Over the past decade, the humanitarian community has reached the consensus that cash, as compared to in-kind aid, is often the most efficient, transparent, and accountable system for sending relief to those who need it most.
Inflation, unemployment, and widespread poverty make it difficult for people in fragile settings to afford basic goods and services. Conflict and natural disasters exacerbate these conditions. Cash assistance is proven to be one of the most effective ways to help people living in these vulnerable situations.
Instead of distributing traditional aid items when conflict or natural disasters strike, cash assistance puts power in the hands of the people we serve. It enables them to identify, prioritize, and purchase the items or services that meet their family’s most urgent needs.
Cash assistance also kick starts local markets and supply chains. Recipients purchase supplies in nearby markets, giving struggling economies a boost they wouldn’t receive from aid items shipped in bulk from far away.
How does it work?
Whether by voucher or ATM card or actual cash— there are many ways to effectively deliver cash assistance.
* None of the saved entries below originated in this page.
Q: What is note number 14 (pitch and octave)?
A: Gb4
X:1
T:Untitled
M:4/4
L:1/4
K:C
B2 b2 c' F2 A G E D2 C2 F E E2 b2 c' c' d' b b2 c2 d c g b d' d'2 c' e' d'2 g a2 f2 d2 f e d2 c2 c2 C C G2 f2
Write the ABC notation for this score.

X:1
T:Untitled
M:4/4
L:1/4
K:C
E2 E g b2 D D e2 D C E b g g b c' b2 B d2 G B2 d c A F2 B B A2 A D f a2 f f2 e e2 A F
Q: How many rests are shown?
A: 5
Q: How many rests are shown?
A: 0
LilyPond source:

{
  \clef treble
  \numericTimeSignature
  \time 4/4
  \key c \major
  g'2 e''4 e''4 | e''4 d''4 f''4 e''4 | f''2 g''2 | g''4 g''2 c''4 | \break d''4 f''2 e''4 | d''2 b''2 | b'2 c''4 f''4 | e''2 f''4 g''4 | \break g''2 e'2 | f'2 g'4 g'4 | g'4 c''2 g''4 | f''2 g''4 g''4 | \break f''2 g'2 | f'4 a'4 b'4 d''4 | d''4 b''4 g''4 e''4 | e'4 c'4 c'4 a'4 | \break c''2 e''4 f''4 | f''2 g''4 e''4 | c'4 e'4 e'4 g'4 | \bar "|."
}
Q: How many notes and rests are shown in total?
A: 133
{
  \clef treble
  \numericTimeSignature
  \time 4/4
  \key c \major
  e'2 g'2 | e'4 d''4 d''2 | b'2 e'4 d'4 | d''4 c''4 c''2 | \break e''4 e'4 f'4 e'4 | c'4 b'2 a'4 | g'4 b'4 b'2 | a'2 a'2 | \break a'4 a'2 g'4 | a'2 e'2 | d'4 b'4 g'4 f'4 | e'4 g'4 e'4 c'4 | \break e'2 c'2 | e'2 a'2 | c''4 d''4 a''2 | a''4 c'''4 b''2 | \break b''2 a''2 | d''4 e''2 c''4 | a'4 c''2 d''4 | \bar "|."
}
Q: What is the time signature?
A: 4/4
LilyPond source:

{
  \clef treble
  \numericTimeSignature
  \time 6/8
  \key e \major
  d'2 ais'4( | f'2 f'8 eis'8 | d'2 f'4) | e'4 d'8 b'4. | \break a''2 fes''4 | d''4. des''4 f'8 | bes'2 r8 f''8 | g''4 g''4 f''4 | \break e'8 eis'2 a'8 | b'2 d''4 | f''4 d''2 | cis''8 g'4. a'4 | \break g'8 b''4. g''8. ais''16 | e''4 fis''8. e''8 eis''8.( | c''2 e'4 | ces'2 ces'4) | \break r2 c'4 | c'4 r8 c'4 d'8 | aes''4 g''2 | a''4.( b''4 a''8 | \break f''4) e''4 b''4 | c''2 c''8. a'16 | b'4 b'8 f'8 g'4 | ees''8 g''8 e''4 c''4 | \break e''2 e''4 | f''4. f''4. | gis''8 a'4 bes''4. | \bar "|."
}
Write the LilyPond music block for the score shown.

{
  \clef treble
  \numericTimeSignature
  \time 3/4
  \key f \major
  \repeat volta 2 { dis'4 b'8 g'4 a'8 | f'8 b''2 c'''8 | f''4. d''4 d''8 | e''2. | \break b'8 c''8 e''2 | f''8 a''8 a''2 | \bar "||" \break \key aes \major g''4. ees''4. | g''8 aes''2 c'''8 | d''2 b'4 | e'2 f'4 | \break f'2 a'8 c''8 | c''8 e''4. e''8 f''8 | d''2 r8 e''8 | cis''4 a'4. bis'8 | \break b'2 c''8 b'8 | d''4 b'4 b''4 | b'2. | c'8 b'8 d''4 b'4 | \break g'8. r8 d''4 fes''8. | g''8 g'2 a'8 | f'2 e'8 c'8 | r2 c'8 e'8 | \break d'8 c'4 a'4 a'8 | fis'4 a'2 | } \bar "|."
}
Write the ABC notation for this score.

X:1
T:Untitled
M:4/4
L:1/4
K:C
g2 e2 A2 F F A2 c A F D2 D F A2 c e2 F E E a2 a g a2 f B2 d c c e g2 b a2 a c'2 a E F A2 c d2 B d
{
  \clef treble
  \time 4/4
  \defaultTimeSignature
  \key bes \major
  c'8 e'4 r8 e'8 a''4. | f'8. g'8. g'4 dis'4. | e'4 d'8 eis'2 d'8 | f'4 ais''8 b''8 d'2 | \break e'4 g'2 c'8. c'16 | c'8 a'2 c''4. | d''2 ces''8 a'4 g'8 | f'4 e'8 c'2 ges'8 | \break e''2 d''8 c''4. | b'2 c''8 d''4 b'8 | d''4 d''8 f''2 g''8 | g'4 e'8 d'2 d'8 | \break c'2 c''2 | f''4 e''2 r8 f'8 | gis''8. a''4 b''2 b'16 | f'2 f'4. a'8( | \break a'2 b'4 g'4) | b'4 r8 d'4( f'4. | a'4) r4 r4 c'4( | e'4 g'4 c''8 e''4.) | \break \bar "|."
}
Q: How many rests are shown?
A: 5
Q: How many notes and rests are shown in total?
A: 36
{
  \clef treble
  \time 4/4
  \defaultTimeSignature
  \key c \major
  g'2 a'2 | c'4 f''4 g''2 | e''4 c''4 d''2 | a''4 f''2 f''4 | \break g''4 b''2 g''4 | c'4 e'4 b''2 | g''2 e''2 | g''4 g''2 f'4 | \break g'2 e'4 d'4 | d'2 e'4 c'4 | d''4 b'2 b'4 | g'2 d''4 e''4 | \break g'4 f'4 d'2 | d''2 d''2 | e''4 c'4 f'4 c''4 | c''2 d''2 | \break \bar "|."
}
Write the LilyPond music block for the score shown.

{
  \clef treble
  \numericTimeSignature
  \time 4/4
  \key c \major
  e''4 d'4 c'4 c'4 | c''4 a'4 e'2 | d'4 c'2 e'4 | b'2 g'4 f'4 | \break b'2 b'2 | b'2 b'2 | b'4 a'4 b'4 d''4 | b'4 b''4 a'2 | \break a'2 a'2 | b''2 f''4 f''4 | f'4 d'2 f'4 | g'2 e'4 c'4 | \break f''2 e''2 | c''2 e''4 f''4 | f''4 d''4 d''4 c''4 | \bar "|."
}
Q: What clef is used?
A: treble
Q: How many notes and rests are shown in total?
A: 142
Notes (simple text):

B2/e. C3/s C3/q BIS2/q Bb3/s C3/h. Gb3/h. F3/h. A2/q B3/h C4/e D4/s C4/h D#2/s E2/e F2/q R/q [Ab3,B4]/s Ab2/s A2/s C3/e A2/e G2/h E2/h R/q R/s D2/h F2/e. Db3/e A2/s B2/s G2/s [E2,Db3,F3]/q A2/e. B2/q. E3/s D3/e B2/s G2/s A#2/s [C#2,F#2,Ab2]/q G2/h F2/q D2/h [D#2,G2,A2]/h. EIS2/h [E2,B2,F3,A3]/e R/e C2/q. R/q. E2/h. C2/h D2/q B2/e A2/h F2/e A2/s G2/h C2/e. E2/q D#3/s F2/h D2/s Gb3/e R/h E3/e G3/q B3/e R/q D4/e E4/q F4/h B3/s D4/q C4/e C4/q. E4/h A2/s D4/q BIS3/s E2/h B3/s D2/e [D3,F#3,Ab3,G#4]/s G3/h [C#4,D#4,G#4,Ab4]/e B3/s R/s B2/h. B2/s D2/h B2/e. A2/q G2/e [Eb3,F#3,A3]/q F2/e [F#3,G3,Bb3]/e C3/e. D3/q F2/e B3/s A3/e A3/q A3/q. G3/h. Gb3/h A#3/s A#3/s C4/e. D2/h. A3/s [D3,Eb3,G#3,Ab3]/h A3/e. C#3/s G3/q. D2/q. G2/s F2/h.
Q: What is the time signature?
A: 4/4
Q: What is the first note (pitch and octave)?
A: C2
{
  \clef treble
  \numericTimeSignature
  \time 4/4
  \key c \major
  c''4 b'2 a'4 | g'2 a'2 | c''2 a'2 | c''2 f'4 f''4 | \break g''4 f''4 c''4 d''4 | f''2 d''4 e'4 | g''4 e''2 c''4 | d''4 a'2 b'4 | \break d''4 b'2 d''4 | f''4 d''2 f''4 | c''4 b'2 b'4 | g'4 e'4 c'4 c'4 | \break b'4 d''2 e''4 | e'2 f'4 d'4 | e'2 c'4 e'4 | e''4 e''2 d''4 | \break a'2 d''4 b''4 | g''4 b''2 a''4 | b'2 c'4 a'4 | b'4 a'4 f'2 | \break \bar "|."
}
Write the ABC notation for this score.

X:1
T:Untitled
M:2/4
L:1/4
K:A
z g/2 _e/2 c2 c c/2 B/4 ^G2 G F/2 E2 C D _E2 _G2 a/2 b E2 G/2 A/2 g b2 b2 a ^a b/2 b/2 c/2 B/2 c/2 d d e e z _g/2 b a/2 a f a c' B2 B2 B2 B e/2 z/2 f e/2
Over the last five years, Relief International has supported cash assistance programs in Afghanistan, Bangladesh, Iran, Lebanon, Somalia, South Sudan, Syria, and Yemen.
In Lebanon, $175 is loaded on a debit card each month for a minimum period of nine months. Program participants can withdraw the cash from an ATM or use the card as payment at any point of service within the country. There are no conditions on how families spend the cash. Since 2015, our data has shown the most common uses of the money to be rent, food, and healthcare.
In South Sudan, cash business grants of up to $600 are awarded to individual entrepreneurs and group start-ups that participate in Relief International’s vocational training program. In the first three years of the program, grants were given in-kind as materials. Starting in 2019, the awards were given in cash. “Now that the market is fully functioning in Maban, we want to give grants as cash so that recipients have purchasing power and can support other businesses by buying local materials,” says Henry Omony, Relief International’s Food Security and Livelihoods Manager for South Sudan.